At the weekend I had a conversation with a couple of friends and the question came up of whether fashion is art. I feel rather uncomfortable with the notion of a hierarchy of the arts  -  the disciplinary field  of 'visual culture' came about in the 1990s, taking stock of the changes instigated by the work of people such as Warhol, Rauschenberg, Sherman, Kruger, Prince, Wall, Viola, Crewdson, and street artists, all of whom deconstructed 'high art', effecting interesting cross-overs with popular culture.
But the question 'is it art?' continues to be asked in connection with fashion, and for fashion, to be anointed as 'high art', seems to be a crucial aspiration.
For fun, I ventured a poll through my deviantArt account. The poll is still active, I have not closed it. Why deviantArt?  dA is a platform - I quote - "that allows emerging and established artists to exhibit, promote, and share their works within a peer community dedicated to the arts". I realise that it is made up mostly of amateurs (but not exclusively) but it still allows one to hear the voice of people who position themselves as artists. It also has a global remit.

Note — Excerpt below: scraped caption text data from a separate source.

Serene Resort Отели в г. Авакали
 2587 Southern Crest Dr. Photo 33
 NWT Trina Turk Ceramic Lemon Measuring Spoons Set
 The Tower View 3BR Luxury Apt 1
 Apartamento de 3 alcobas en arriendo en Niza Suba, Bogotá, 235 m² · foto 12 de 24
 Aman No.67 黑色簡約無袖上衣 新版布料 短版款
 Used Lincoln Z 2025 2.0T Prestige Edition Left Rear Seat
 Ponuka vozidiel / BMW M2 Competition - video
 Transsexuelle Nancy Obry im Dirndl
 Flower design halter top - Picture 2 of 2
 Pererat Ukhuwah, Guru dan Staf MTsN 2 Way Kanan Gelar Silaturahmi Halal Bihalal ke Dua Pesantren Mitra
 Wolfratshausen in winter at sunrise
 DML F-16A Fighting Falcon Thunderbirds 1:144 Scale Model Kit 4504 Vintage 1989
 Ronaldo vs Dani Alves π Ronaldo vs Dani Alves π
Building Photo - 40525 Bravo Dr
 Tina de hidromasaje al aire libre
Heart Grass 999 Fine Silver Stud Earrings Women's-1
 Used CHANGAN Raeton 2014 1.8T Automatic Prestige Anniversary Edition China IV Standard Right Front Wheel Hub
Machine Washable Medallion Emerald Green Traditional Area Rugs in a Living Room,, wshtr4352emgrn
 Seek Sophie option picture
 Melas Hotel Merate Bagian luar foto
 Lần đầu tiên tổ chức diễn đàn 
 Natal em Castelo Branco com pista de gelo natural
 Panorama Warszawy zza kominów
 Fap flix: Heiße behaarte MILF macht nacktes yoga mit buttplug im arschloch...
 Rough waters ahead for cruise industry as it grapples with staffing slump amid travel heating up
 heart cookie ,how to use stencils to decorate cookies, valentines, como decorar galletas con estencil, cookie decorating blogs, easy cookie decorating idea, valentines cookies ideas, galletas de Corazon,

So far I have had 51% replies supporting the statement that fashion is art. 12%said fashion was an applied art, 10% reckoned there was no hierarchy between the arts thus by default fashion is art, 10% chose to say 'depends', 7% said no, 7% admitted it could be were it not for the hype that surrounds it, 2% emphasised that fashion is primarily a global  industry, a consideration that makes any speculation on fashion's status as art devoid of meaning.
Intrigued I began to look around for articles and books that could throw further light on this matter. Virginia Postrel discussed  in The Wall Street Journal in 2010  the incorporation of fashion at the Lincoln Center.  Was this a move to validate fashion's contribution to culture?  According to Valerie Steele, the director of the Museum at the Fashion Institute of Technology, whom Postrel quotes, "Fashion is really seen as the bastard child of capitalism and female vanity."
In an essay included in the collection Fashion and Art edited by Adam Geczy and Vicky Karaminas, Steele makes the uncontroversial point that "it is impossible to answer the question of whether fashion is art without reassessing the definitions of both art and fashion" and later reminds us that "both fashion and art are aspects of visual culture, involving form , colour, and texture".
It is a question that to some extent will never be answered. Perhaps it is the wrong question altogether. Rather than trying to decide what is and what is not art, rather than discussing where boundaries should be put in place, we might want to consider points of convergence and how the study of fashion can enrich the study of culture.